• **DATA**
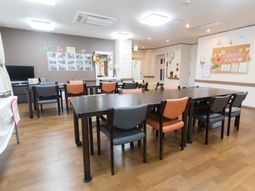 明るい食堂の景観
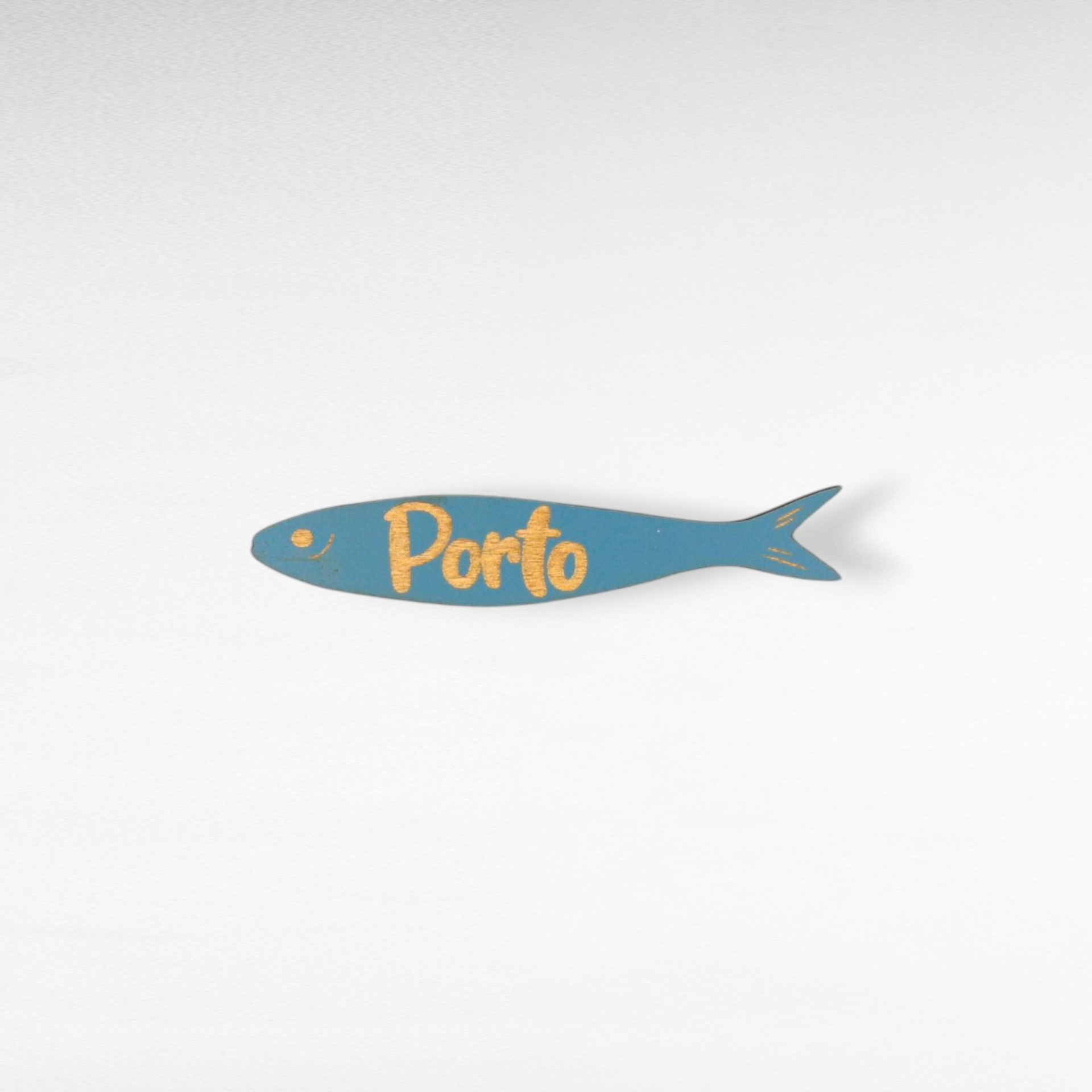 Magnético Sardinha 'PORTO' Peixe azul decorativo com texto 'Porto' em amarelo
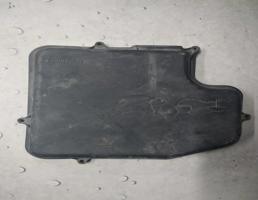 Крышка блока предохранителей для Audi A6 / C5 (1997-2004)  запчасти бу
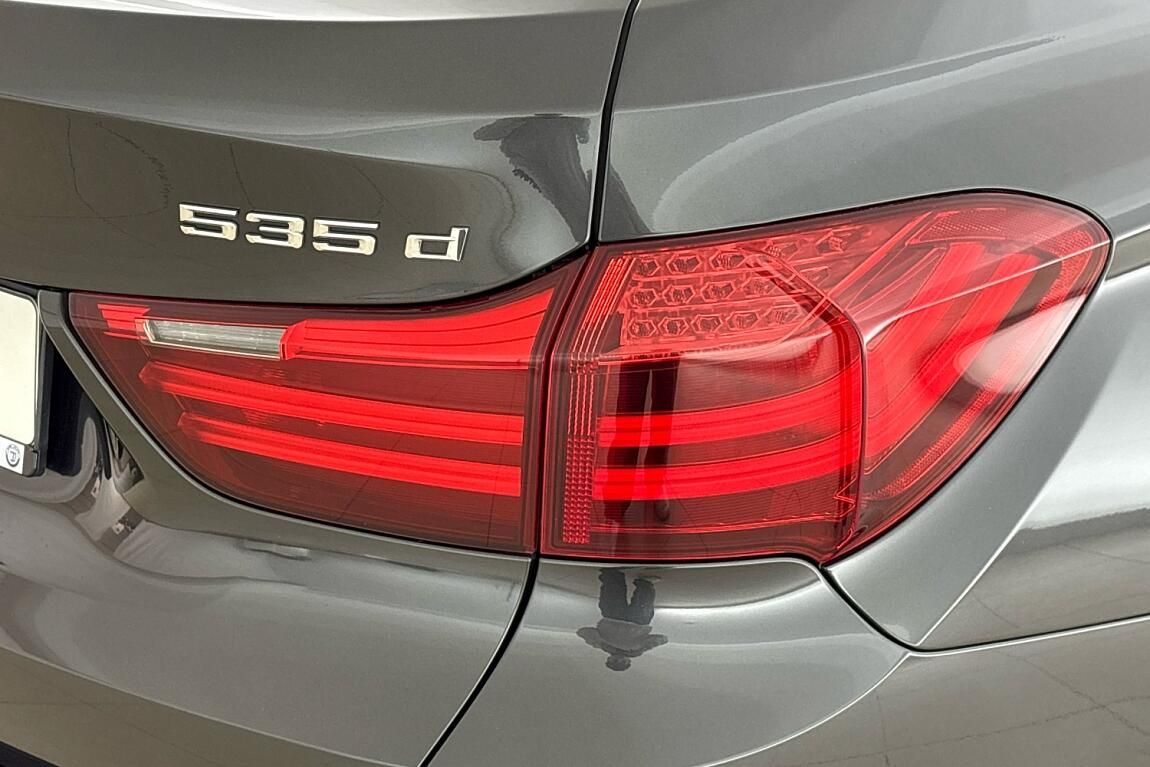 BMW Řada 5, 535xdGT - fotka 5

• **WORK TO COMPLETE**
An exact copy of the listing above is to be set down, with no pictures in it.

• **SOLVED EXERCISE**
 明るい食堂の景観
 Magnético Sardinha 'PORTO' Peixe azul decorativo com texto 'Porto' em amarelo
 Крышка блока предохранителей для Audi A6 / C5 (1997-2004)  запчасти бу
 BMW Řada 5, 535xdGT - fotka 5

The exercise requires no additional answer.